Providing a collection and recycling service for Clients.
Managing Hazardous Wastes for Clients since 2005.
Providing Consultancy, mitigating risk to the Envionment, Improving CSR.
As with other sectors of the waste and recycling industry, the WEEE (waste electronics) sector, involves some level of organised crime. This relates in part to the export of waste, shipping it from UK ports to international destinations, under the guise of working equipment destined for re-use. Unfortunately, the majority of this waste is beyond re-use and provides the feedstock for international environmental crime.
UK Centric Crimes:
A number of raids carried out by the Environment Agency highlighted the illegal trade in hazardous electronic and computer waste, with the majority of non-working, totally obsolete equipment being destined for Africa. Some 500 container loads were seized on 2 sites located around London.
Developing countries have historically been the dumping ground for a lot of the UKs waste, particularly wastes that would cost more to recycle than the value of the materials that can be recovered. When it comes to waste electronics, this is even more evident, with equipment that is too old and can’t be repaired being packaged up in containers and sent abroad.
As highlighted in a statement by the Environment Agency, "We have found that the majority of this equipment is beyond repair and is being stripped down under appalling conditions in Africa. But the law is clear – electrical waste must be recycled in the UK, not sent to developing countries in Africa where unsafe dismantling puts human health and the environment at risk. The Environment Agency has created a national team, backed by ex police officers from the CID, to stamp out this illegal trade. Strong intelligence work resulted in the latest operation – the most significant action to date in investigating suspected electrical waste being shipped to Africa."
A changing Trade:
The trade, which to date has been underpinned by the illegal trans-continental shipping of hazardous, faulty and obsolete electrical and electronics waste may be changing in the UK. Evidence of the size of the trade has finally become headline news. However, the export of end-of-life electronics offers a quick, lucrative solution for many of the smaller operators in the UK and is constantly evolving and changing with the flow of waste moving around the world.
How it Works:
The equipment, which is loaded into a container without even being tested, let alone examined, is shipped to China, Ghana and India at a cost that typically leaves the end-buyer out-of-pocket. At the same time, it leaves businesses and householders in the UK open to fraud through the mining of data left on PCs, Laptops, servers, mobile phones and tablets.
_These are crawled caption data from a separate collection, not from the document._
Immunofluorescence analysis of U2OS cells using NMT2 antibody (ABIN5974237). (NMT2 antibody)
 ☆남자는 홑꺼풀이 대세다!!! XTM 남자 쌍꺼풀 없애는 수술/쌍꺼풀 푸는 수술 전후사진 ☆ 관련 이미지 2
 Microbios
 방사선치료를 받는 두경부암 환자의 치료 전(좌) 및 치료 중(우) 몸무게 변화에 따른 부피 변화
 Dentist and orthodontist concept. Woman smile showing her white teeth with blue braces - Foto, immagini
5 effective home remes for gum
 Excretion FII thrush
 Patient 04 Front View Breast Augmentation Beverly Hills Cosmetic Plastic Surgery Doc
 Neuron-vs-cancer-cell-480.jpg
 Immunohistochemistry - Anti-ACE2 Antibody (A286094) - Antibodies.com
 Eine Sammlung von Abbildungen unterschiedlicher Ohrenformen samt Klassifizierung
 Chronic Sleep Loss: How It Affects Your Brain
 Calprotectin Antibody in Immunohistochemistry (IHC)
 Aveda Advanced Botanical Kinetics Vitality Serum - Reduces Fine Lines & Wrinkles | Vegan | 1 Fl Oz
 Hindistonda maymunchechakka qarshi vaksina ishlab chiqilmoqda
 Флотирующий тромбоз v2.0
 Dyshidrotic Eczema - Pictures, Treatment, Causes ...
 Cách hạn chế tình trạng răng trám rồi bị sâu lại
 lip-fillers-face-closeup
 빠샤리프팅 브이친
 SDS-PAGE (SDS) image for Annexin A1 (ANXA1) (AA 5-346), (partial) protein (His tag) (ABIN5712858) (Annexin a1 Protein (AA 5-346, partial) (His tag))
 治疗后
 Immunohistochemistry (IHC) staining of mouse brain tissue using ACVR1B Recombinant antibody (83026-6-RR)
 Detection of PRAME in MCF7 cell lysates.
Unfortunately, if the industry is to “clean up it’s act”, it’ll be at the expense of the businesses wanting to recycle their old equipment. The use of waste processors who lack licenses or infrastructure is a potential indicator of involvement in the export sector. Paying to have your waste recycled is one way that you can ensure it will be properly recycled and that your data will be effectively eradicated. The other option is to Audit the contractor prior to employing it, requesting references, copies of their licenses, OPRA scoring report and even carrying out a site visit.